Personal information
- Born: 12 February 1875 Swinton, Lancashire, England
- Died: 15 June 1953 (aged 78) Halifax, Yorkshire, England
- Batting: Right-handed
- Bowling: Right-arm fast-medium

Domestic team information
- 1898–1821: Warwickshire

Career statistics
| Competition | First-class |
| Matches | 372 |
| Runs scored | 14,289 |
| Batting average | 23.61 |
| 100s/50s | 15/69 |
| Top score | 216 |
| Balls bowled | 17,082 |
| Wickets | 295 |
| Bowling average | 30.09 |
| 5 wickets in innings | 7 |
| 10 wickets in match | 1 |
| Best bowling | 6/45 |
| Catches/stumpings | 194/– |
- Source: CricInfo, 24 April 2023

= Crowther Charlesworth =

English cricketer

Crowther Charlesworth (12 February 1875 – 15 June 1953) was an English cricketer. He was a right-hand batsman and right-arm fast-medium bowler who played for Warwickshire.

Born in Swinton, Lancashire, Charlesworth began his first-class career in 1898 and played regularly for Warwickshire until 1921. Despite missing a number of seasons because of the First World War, he still made 372 matches for the county scoring 14,289 at an average of 23.61 and taking 295 wickets at 30.09.

Described by Wisden as 'A brilliant batsman specially strong in driving', Charlesworth passed 1,000 runs in a season five times. His most productive season came in 1911 when he scored 1,376 runs at 38.22, including four centuries. These runs assisted Warwickshire to their first County Championship title.

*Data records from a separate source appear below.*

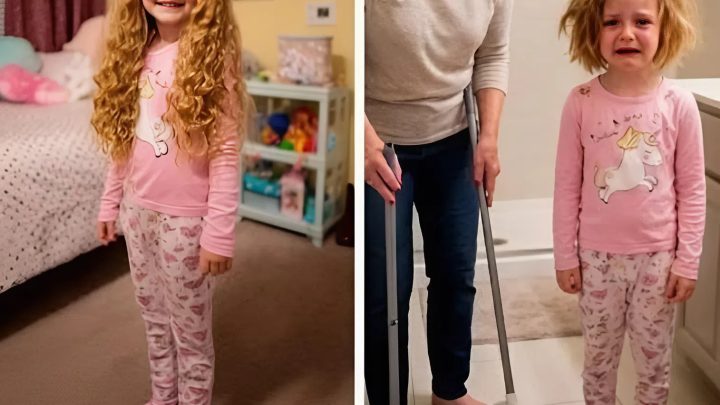 Moje tchyně ostříhala mé dceři dlouhé vlasy, když jsem byla v práci, protože se jí zdály „příliš neupravené“ – nedělala jsem jí kvůli tomu scény, ale druhý den se probudila uprostřed scény, na kterou nikdy nezapomene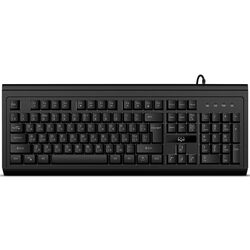 Tastatura Sven KB-G8400 (Black) Thumb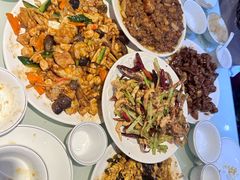 -胖子菜馆(隆昌路店)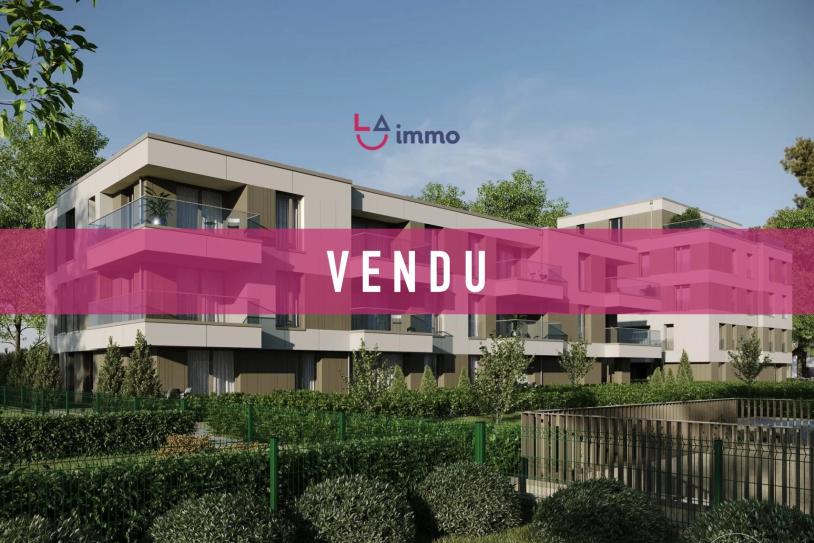 Wohnung B-3-09 - Bild #1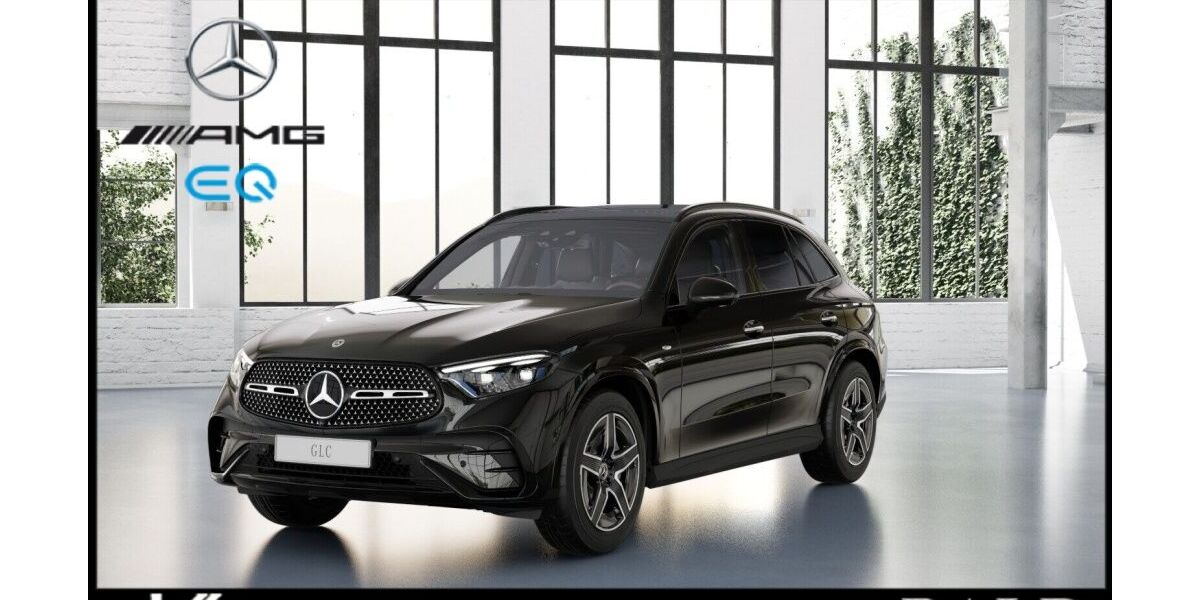 Mercedes-Benz GLC 300 44.371 km 61.880 &euro; Hagen 58135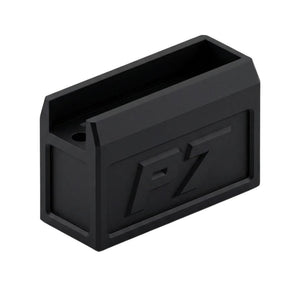 CZ 457 magasinbunnplate
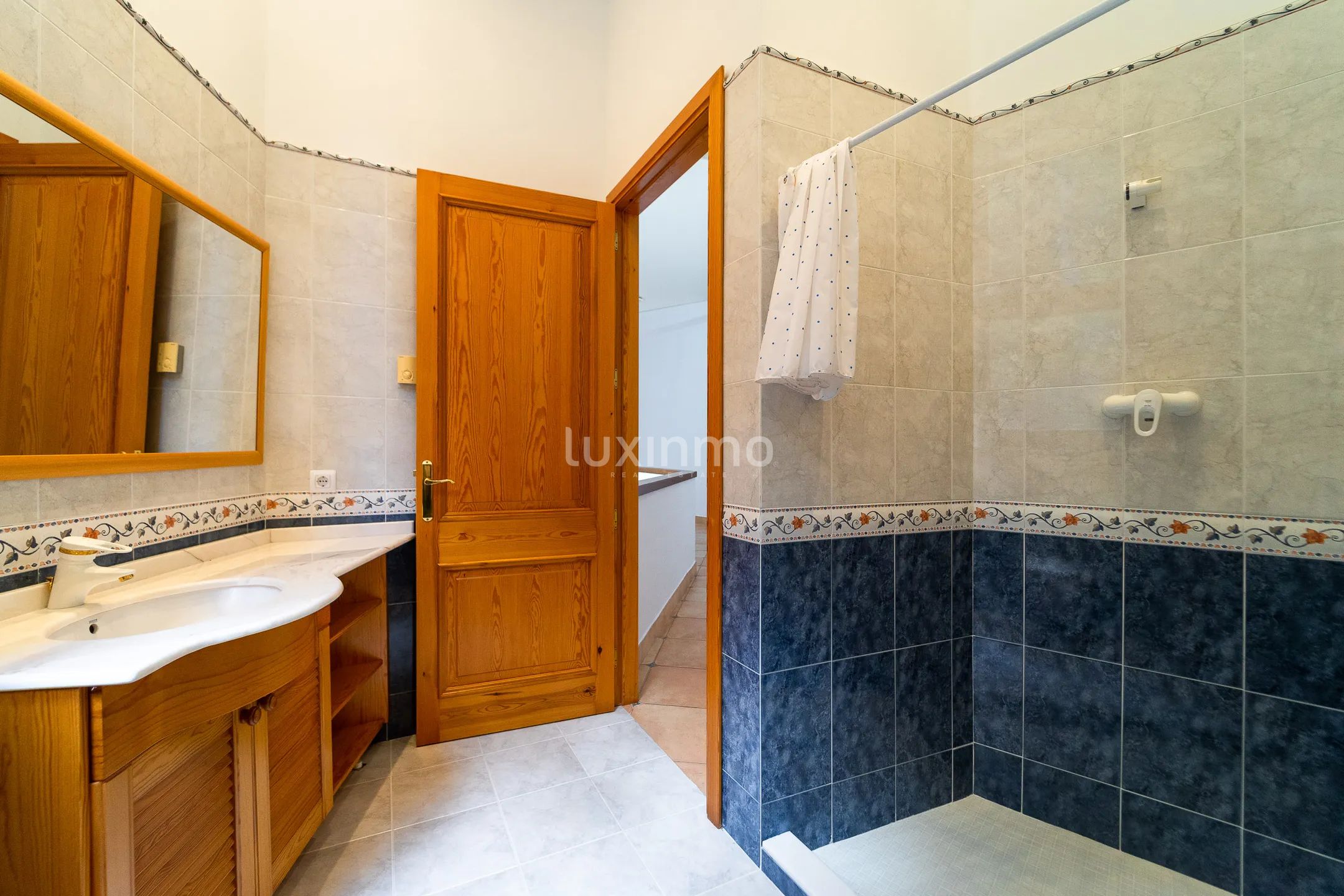 Rustiek vrijstaand huis met prachtig uitzicht in Benissa — photo 29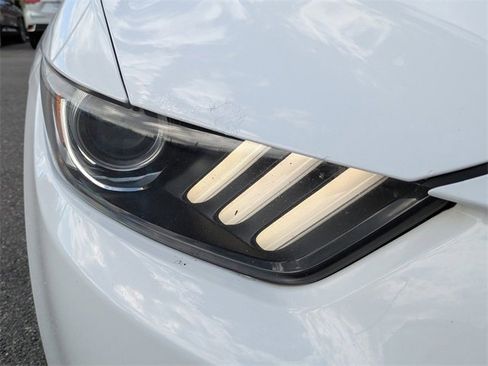 Used 2015 Ford Mustang GT Premium w/ Equipment Group 401A image 10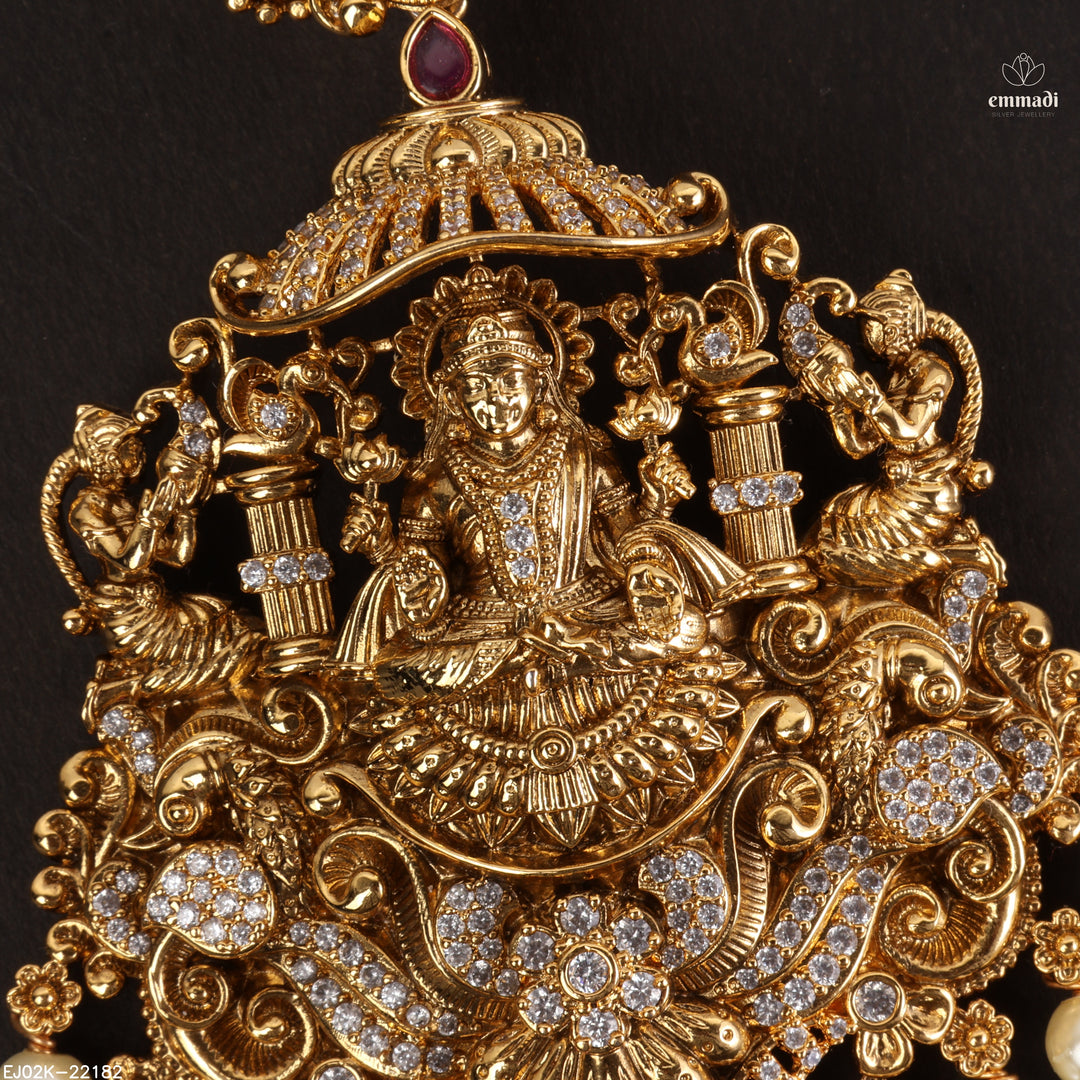 Pendant Antique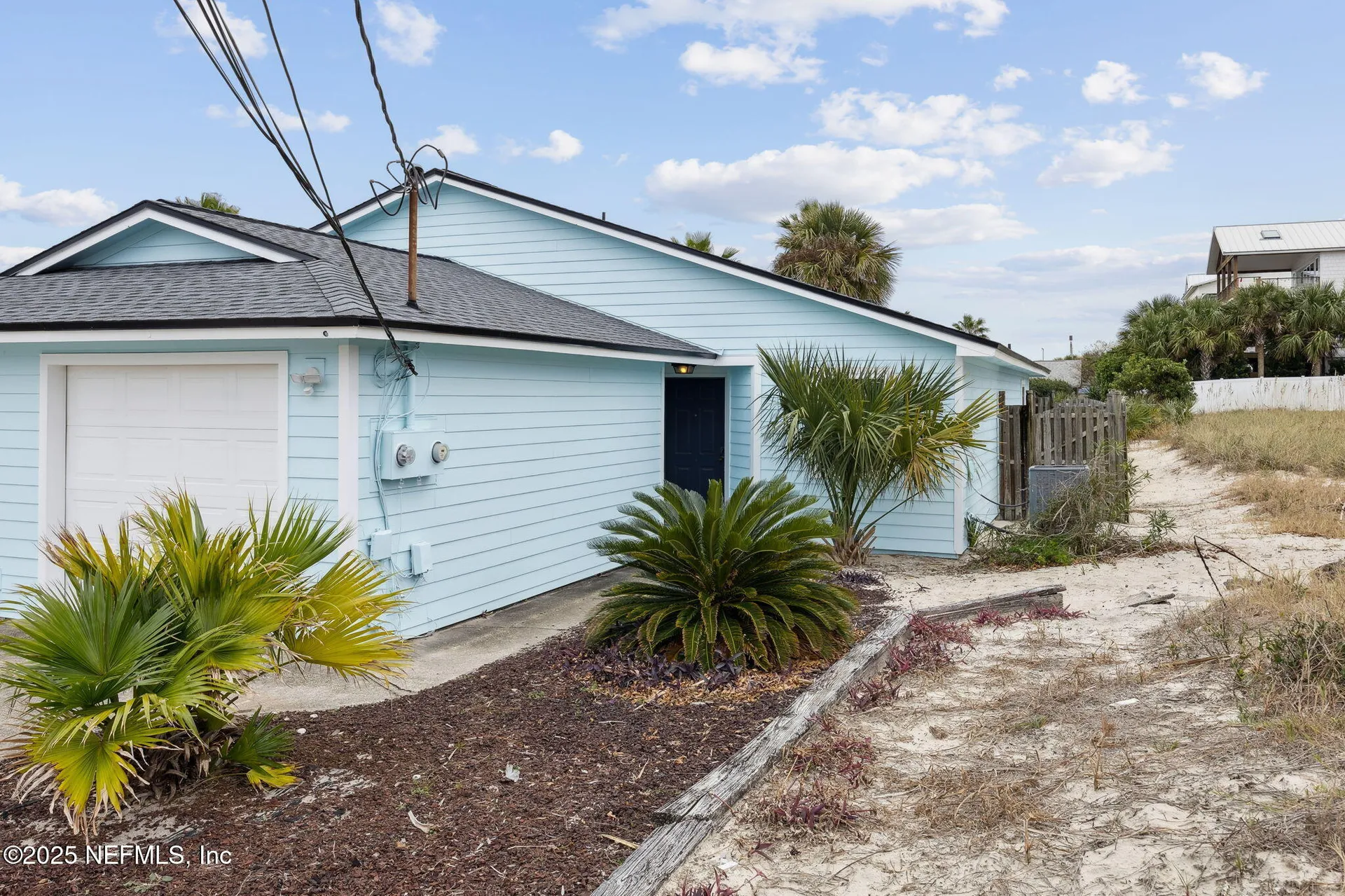2784 W 5th Street Fernandina Beach FL 32034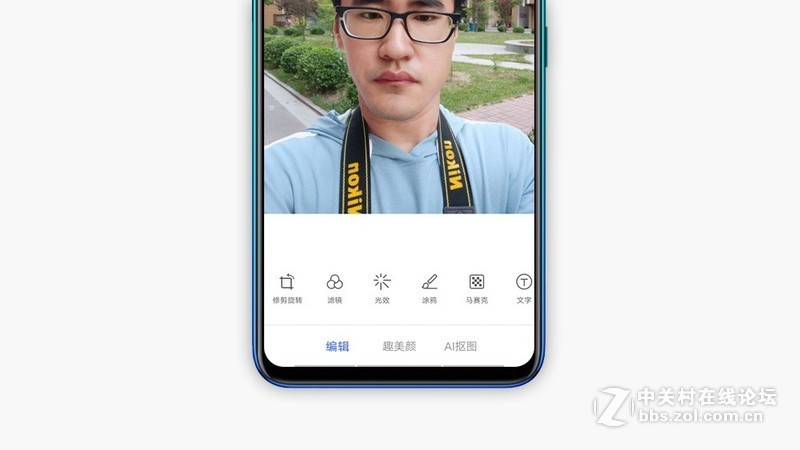 非线上品牌的转型思路：vivo Z5x体验报告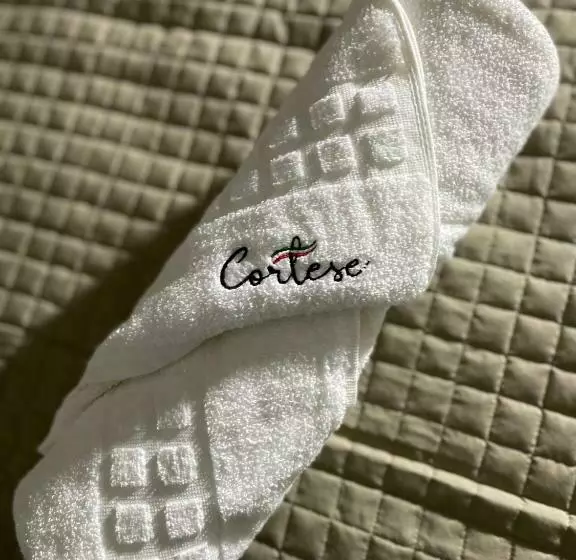 هتل Cortese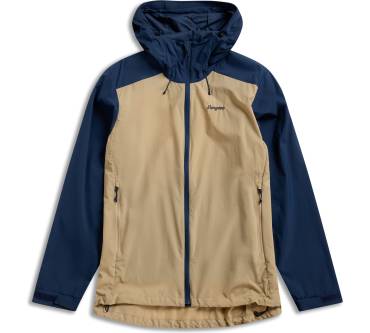 Produktbild Bergans Rabot Windbreaker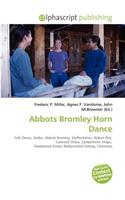 Abbots Bromley Horn Dance: (English)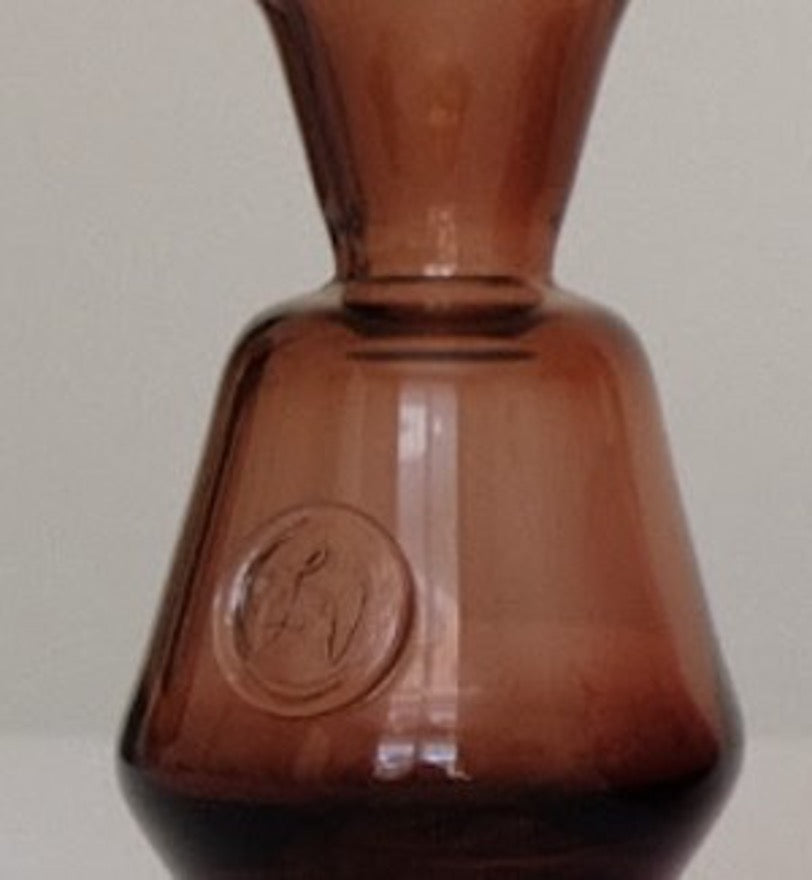 Tea Peony Vase PV-TEA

Charlesworth scored 15 first-class centuries, two of which he converted into doubles. The first of these came in 1910 when he scored 216 against Derbyshire, the innings lasting three hours and forty minutes. The second came in 1914 when he struck 206 against a strong Yorkshire attack including George Hirst and Wilfred Rhodes.

Charlesworth's pace bowling garnered seven five-wicket hauls, the first two of these came in the same match when he took match figures of 10/135 in a 16-run victory over Surrey in 1901. Later that season he recorded the best innings figures of his career when taking 6/45 against Derbyshire.

In 1920 he was awarded a benefit match which generated £1041, the figure was a Warwickshire record which remained unsurpassed until 1945. In his final season, after Charlesworth had made a fine 81 out of 138 v Somerset, he suffered a nasty injury to his eye, being hit by a shot played by Jack MacBryan whilst fielding at short leg.

In 1925 and 1926 Charlesworth was on the umpires list, standing in 42 matches. He died in Halifax, West Yorkshire, aged 78.